Масловски ухмыльнулся:
— Мы установили растяжки и ловушки. Если они нетронуты — внутрь никто не лез. Только нам понадобится группа армейских стрелков, потому что у меня и так людей в обрез.
— Не проблема, — заверил я, — я договорюсь с Аверовым. Да, а еще бы нам не помешало холодное оружие.
— В городе есть и обычный музей, там его тоже хватает, — сказал 'местный'.
— Попытаемся заглянуть по возможности. Значит, так. Утром берем григошевку, после грузим на борт немного воды, провизии и медикаментов и летим на разведку. Груз — чтобы нам было что дать наиболее нуждающимся. По возвращении будем думать дальше.
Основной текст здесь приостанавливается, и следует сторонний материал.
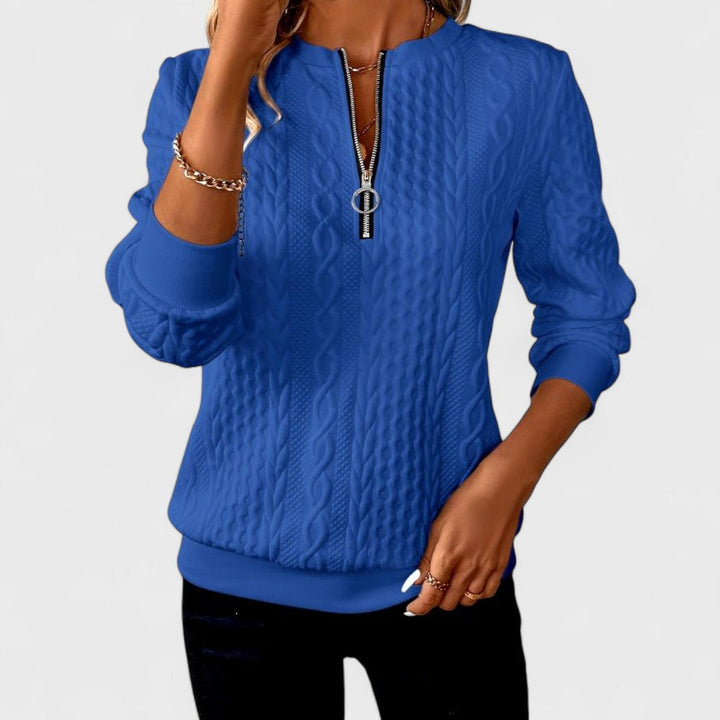 Minda - Women's Cable Knit Zip Sweater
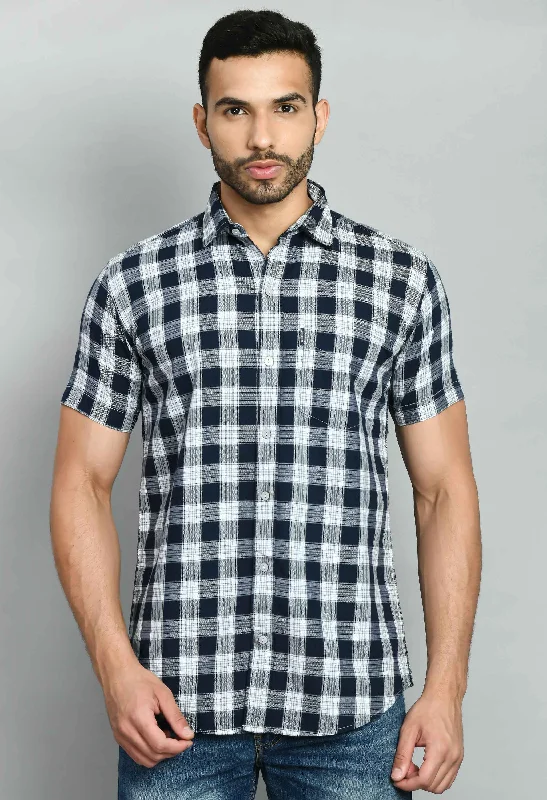 Men's White Blue Checked Shirt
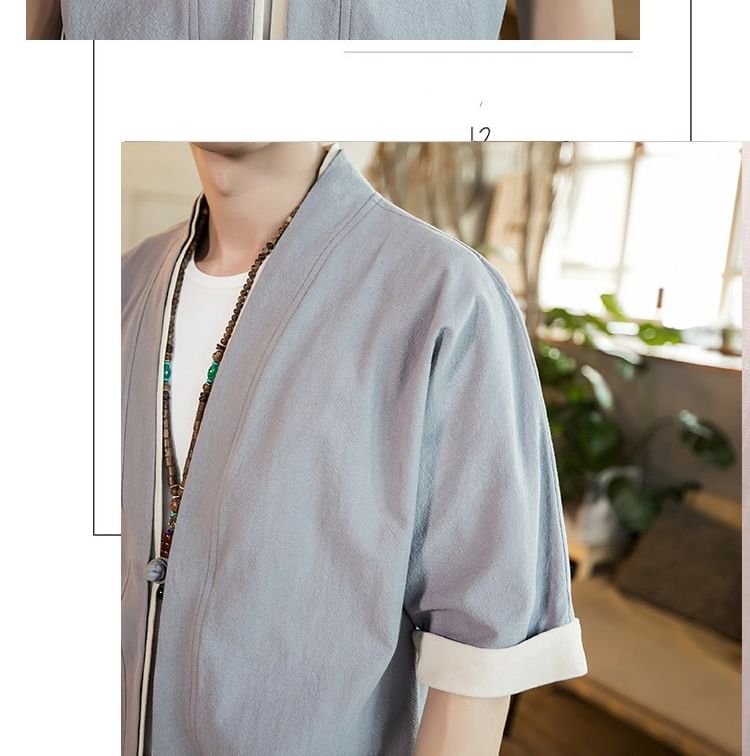 Ninine - Hanfu-shirt met contrasterende rand en open rug en elleboogmouwen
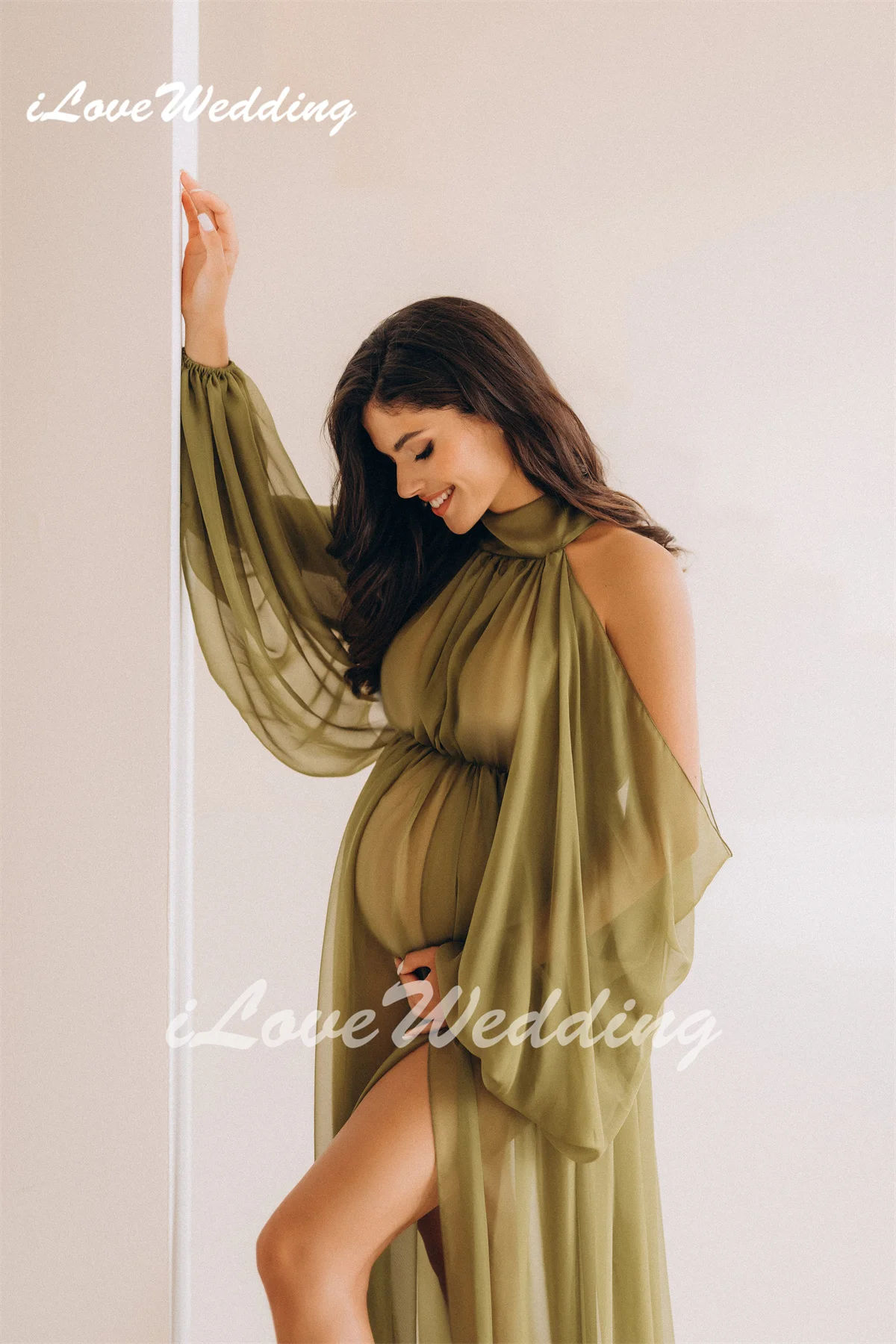 Elegant Chiffon Maternity Dresses Halter Neck Summer Casual Boho Long Loose Sleeves Photography Dress Side Slit Photoshoot Gowns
— Принято. Теперь договаривайтесь с Аверовым.
— Приступаю, — кивнул я и вышел.
Чуть отойдя от импровизированного штаба, я поймал джип, везущий ящики, и на нем доехал до штаба Аверова. Самого генерала я застал, как и в прошлый раз, в окружении офицеров и над картой.
— С чем пожаловали, Александер?
— С хорошей новостью. Значит, смотрите. Вот григошевка, вот мост. Снайпер, сидящий на последнем этаже, будет иметь отличный обзор на пару километров вокруг, в том числе вот сюда, сюда и сюда, вглубь города. Пулеметчик, сидящий на третьем или четвертом, будет легко простреливать все подходы к западному мосту, кроме тех, что идут по набережной и дворами, но там вы и сами простреливаете неплохо. При этом гарнизон григошевки будет практически неприступен, потому что предварительно заложенные мины и растяжки в дополнение к куче бронедверей сделают приступ малореальным, это еще при условии, что нелюди смогут как-то вскрыть бронедвери, что видится мне невозможным, тут бы и одержимый не вскрыл. Мы собираемся завтра снова вернуться к григошевке по-тихому и высадить туда отделение, а лучше целый взвод, снайперов и пулеметчиков, с достаточным количеством припасов и патронов. Собственно, от вас и требуются эти самые снайпера и пулеметчики.
— Угу, мне бы кто их дал, — вздохнул Аверов. — У меня каждый человек на счету и это буквально, а не фигура речи.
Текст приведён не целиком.